Se l’accessibilità è divenuta un tema molto dibattuto a livello mondiale ed europeo, trasformandosi in un cardine vero e proprio per l’avvio di nuove avventure commerciali, aziendali e lavorative in genere, in Italia ci sono ancora parecchi scogli da superare e pregiudizi da sradicare: non sono pochi, ad esempio, gli esercizi privi di una rampa d’accesso e/o di un corrimano pensato per i portatori di handicap, come altrettanto numerose sono le realtà in cui viene ancora proibita l’entrata dei cani-guida che sono – a tutti gli effetti – gli occhi e la bussola per i non vedenti e gli ipovedenti.
Inoltre, fatta eccezione per quegli edifici che ospitano vincoli strutturali e ai quali, quindi, è concessa una proroga per la messa a norma attraverso l’abbattimento delle barriere architettoniche, sono davvero ancora troppe le attività commerciali connesse al settore food&beverage che non ospitano bagni accomodati e resi fruibili per i disabili.
D’altro canto, non sempre circola una corretta informazione anche sul volume delle spese da affrontare per intervenire in questo senso: lo Stato, in effetti, mette al servizio di chi investe sull’accessibilità numerose agevolazioni e sgravi fiscali che rendono meno faticoso questo step, fondamentale non solo per offrire una maggiore accessibilità a 360° a tutti i componenti della società ma che si rivela, come abbiamo visto, anche un’intelligente strategia di marketing, che migliora la reputation e la awareness aziendale e si trasforma in un’iniziativa capace di incentrare una vera e propria campagna pubblicitaria proprio sull’attenzione alla questione inclusione. Un elemento assolutamente da sottovalutare.

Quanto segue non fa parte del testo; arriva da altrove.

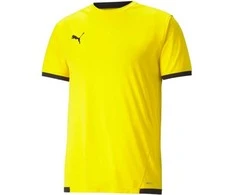 Puma marškinėliai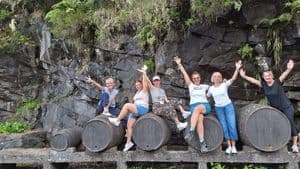 Netzwerk als Strategie: HOLIDAY LAND legt persönliche Treffen für 2026 früh in den Kalender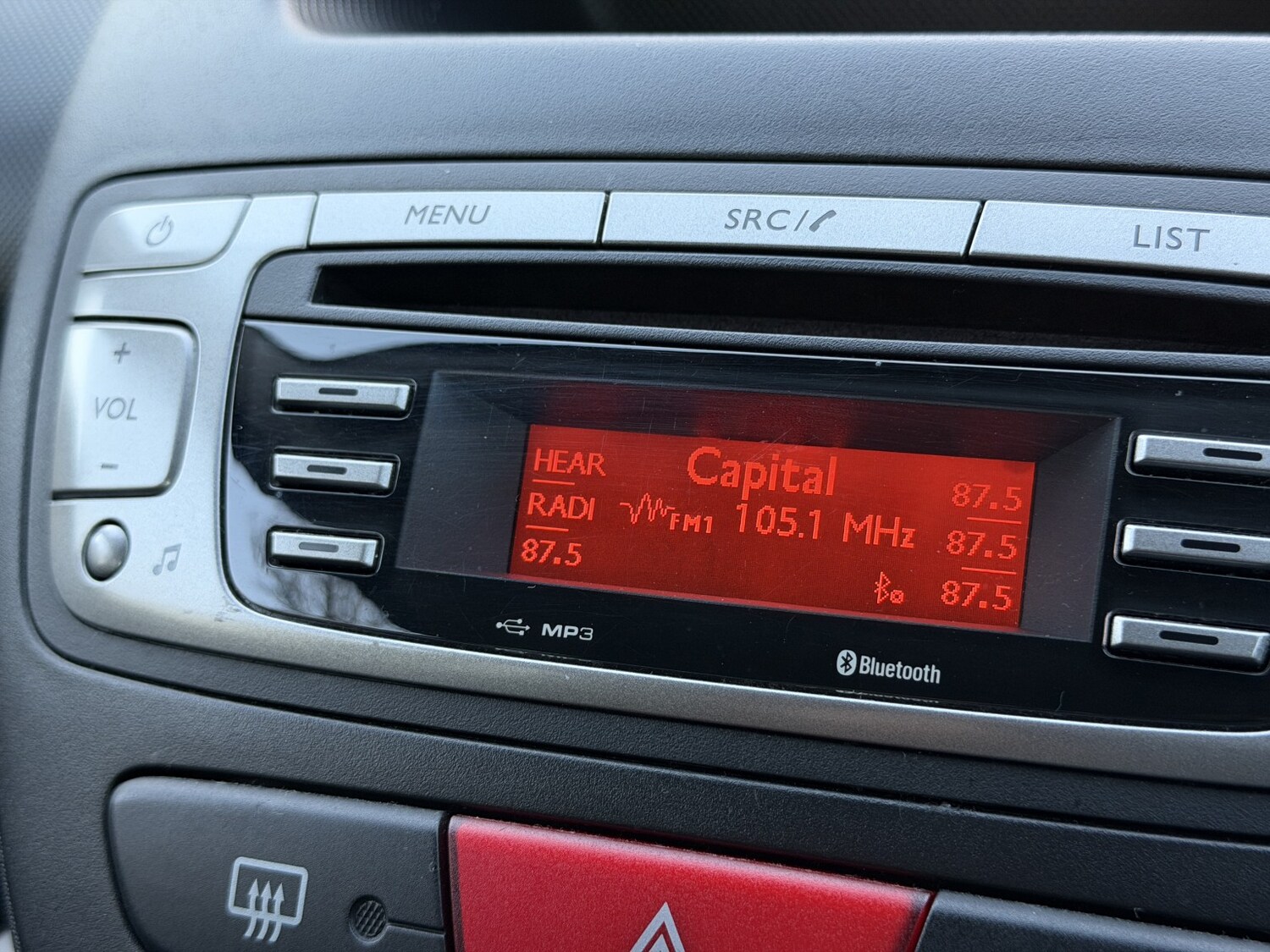 Used Toyota AYGO 2013 for sale - 77931244: Photo 23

Ma quali solo i passi maggiormente consigliati per rendere la propria attività commerciale (più) accessibile?
Il progetto Universal Design
Se siete alla ricerca di un vademecum che vi guidi nei vari step da ultimare, ci ha pensato il progetto firmato Ronald L. Mace della North Carolina State University; l’architetto, infatti, ha dato vita a quello che, oggi, viene definito Universal Design, che identifica – con respiro internazionale – tutte le qualità che una progettazione che mira all’accessibilità dovrebbe avere:
- equità;
- flessibilità;
- semplicità;
- percettibilità;
- tolleranza all’errore;
- contenimento dello sforzo fisico;
- misure e spazi sufficienti.
In questo modo, l’obiettivo diventa dare vita ad edifici che siano fruibili da tutti, muniti di quegli elementi che rendano la permanenza semplice e accogliente, minimizzando eventuali rischi ed imprevisti e fornendo tutto lo spazio necessario a chi si muove attraverso ausili ingombranti.
In Italia il progetto è stato preso molto sul serio dalla città di Ferrara, che ne ha promosso il documento madre fornendo, a sua volta, delle linee guida per chi ha intenzione di adeguarsi. Essenziali sono stati ritenuti:
- parcheggi CUDE (Contrassegno Unico Disabili Europeo) con relativa segnaletica nelle immediate vicinanze della struttura;
- segnaletica esterna con caratteri ingranditi, contrasto dei colori, mappe tattili e guide naturali di orientamento;
- ingressi e uscite di sicurezza con pedane e rampe e porte leggere da manovrare, dotate di pratico maniglione antipanico e/o aperture automatiche;
- spazi interni e percorsi liberi da ingombri di qualsivoglia natura (decorazioni che, spesso, non si pensa possano essere d’intralcio, come tappeti e vasi) dotati di segnaletica efficace, tavoli e banconi ribassati o semi-movibili e pulsantiere raggiungibili da tutti (quante volte, ad esempio, un disabile non riesce a spingere il pulsante desiderato in ascensore?);
- bagni attrezzati, differenziati per uomo e donna, possibilmente provvisti di sensori per i rubinetti e porte scorrevoli;
- camerini di prova sufficientemente ampi (pensando alle carrozzine), dotati di un sistema di chiusura a tenda piombata e di (almeno) una seduta.